Aber der wirklich schlimme Salvia-Rausch—und wahrscheinlich der Grund, weshalb mir die Körnchen überhaupt in Erinnerung geblieben sind—passierte ein anderes Mal. Damals saßen wir nach dem Fortgehen noch in der Wohnung meiner Freundin beisammen und rauchten gleich mehrere Salvia-Joints. Okay, wir waren vermutlich generell nicht mehr ganz nüchtern, aber was als nächstes geschah, war schlimmer, als alles, worauf mich eine Clickbait-Formulierung wie „was als nächstes geschah“ vorbereiten konnte.

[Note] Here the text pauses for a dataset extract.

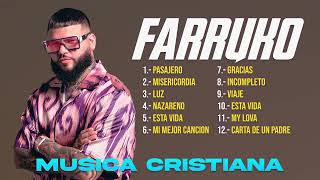 FARRUKO  MUSICA CRISTIANA MIX 2023 TODOS SUS TEMAS CRISTIANOS [upl. by Malcah]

Ich nahm einen Zug vom Salbei und war plötzlich weg. Komplett. Und damit meine ich: so weg, dass ich nicht mehr wusste, dass ich gleichzeitig irgendwoanders da war. Ich hatte keine Ahnung mehr, dass ich mich in der Wohnung meiner Freundin befand. Ich wusste nicht mal, dass ich noch ein anderes Leben hatte. Ich weiß, man hört das öfter, aber erlebt habe ich es sonst noch nie.

Foto: M/\TB/\ZM/\L via photopin cc

Selbst bei LSD gibt es immer einen kleinen, schizophrenen Teil des Ichs, der während des ganzen Trips klar bleibt und das Erlebnis als außenstehender Beobachter fast logisch betrachtet. Bei diesem einen Salvia-Trip waren meine inneren Waldorf und Statler völlig ausgeknockt.

Stattdessen war ich auf einem postapokalyptischem Spielplatz, bei Sonnenuntergang, und sah meine Freunde (die währenddessen aus der Wohnung meiner Freundin auf mich einredeten) als Jackpot-Symbole auf einem einarmigem Banditen. Ich versuchte, ihre Gesichter in einer Reihe zum Stehen zu bringen (Jackpot!), was mir irgendwann auch gelang—kurz, bevor mir bewusst wurde, dass das hier nicht mein wirkliches Leben war und ich eigentlich woanders auf der Couch lag.

Als ich die Augen öffnete, starrten mich zirka fünf Menschen an und meinten, ich sollte aufhören, so hysterisch zu lachen. Die Sache ist bis heute der verstörendste Trip meines Lebens—ganz einfach weil ich es nie für möglich gehalten hätte, mit nur ein paar Zügen von welcher Substanz auch immer zum Protagonist in einer Philip K. Dick-Kurzgeschichte werden zu können.